The program costs each offender $400, but it saves them from a misdemeanor conviction for soliciting prostitution, which carries a sentence of up to six months in jail and as much as a $1,000 fine in Nevada.

"It's like a second chance, but I guarantee if someone who has been through the class is arrested again for prostitution the city will be looking for jail time," Deputy City Attorney Martin Orsinelli said.

Twenty-three offenders filed into Judge Seymore Brown's City Hall courtroom at 8 a.m. for June's school session, including a man who plans to use the school as a way to put his life back in order.

"You can come into this with a positive or negative attitude," said a business man attending the class. "A lot of the guys in here just want to get in and get their embarrassment erased, but I'm trying to prove I can beat my addiction.

"A lot of these guys are addicted to sex, prostitutes and the lifestyle that's out there. It's going to be hard, but this is the start of me staying away from that.

Metro Vice Lt. Terry Davis and Glines greet the 23 johns as they find seats on the courtroom's wood benches.

"I'm a professional dirt finder, and I can tell you that you'll find what you look for, whether it's dirt or roses" Glines tells the group. "You guys were looking for dirt and now you're here."

The class begins with Orsinelli explaining what the men are facing legally and takes them through the paperwork they must fill out to have the record of their crime sealed.

From there Glines gives the group a lesson in pimps and the lifestyle of the prostitutes they are picking up.

"Once these little girls get into this their physical hygiene goes to hell, but they won't tell you anything's wrong with them because they have to bring back a certain amount of money to their pimp or be beaten," Glines said.

Glines also narrates a slide show of crime scenes and the bodies of dead hookers reminding the johns, "that little girl could have been with you the night before."

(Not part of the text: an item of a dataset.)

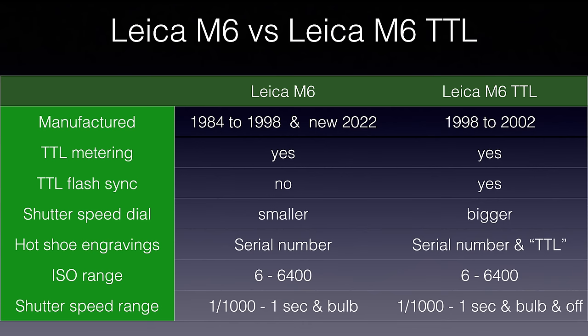The key difference between the two is that the M6 TTL has TTL flash sync, which the classic M6 doesn't have. If you put them side by side, two things are eye-catching: the M6 TTL has a bigger shutter speed dial, and on the hot shoe the right-hand side has 'TTL' engraved, whereas on the classic M6 it's blank. Both cameras share an ISO range of 6 to 6400 and a shutter speed range of 1/1000 to 1 second plus bulb mode. The M6 TTL also adds an 'off' setting on the shutter speed dial to save battery.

The class gets a lunch hour, but many return wishing they would have passed on lunch as Marlo Tonge, a Clark County Health District outreach worker, begins her talk on the various diseases that some prostitutes carry.

AIDS, gonorrhea, syphilis, herpes and other sexually transmitted viruses are explained by Tonge who also uses graphic slides to showing the effects of the diseases.

Then two former prostitutes share their stories with the men.

"I quit five years ago because I got to the point where I just couldn't take my clothes off for another guy," one of the former prostitutes said. "It was a revolving door between turning a trick and getting loaded. I wouldn't shower for weeks or require condoms, but you guys didn't care.

"You may think, 'Hey they're offering,' but if you guys aren't out there the prostitutes can't work."

Murphy finishes the class with a discussion and asks the men to share their feelings about the class and what landed them there.

"I work in a business where I come into contact with dancers and people in the sex business, so for me it's a curiosity thing," said the businessman after he finished the day of class. "The school has been enlightening to me and the people at alternative sentencing have been available to talk, and have helped me get into therapy."

That enlightenment is the purpose of the school, Glines said.

"It's a lot like mowing a lawn," Glines said. "If you don't cut it day after day it grows into more and more of a problem.

"We know we're never going to stop prostitution or stamp it out completely but were doing our best to keep cutting it down."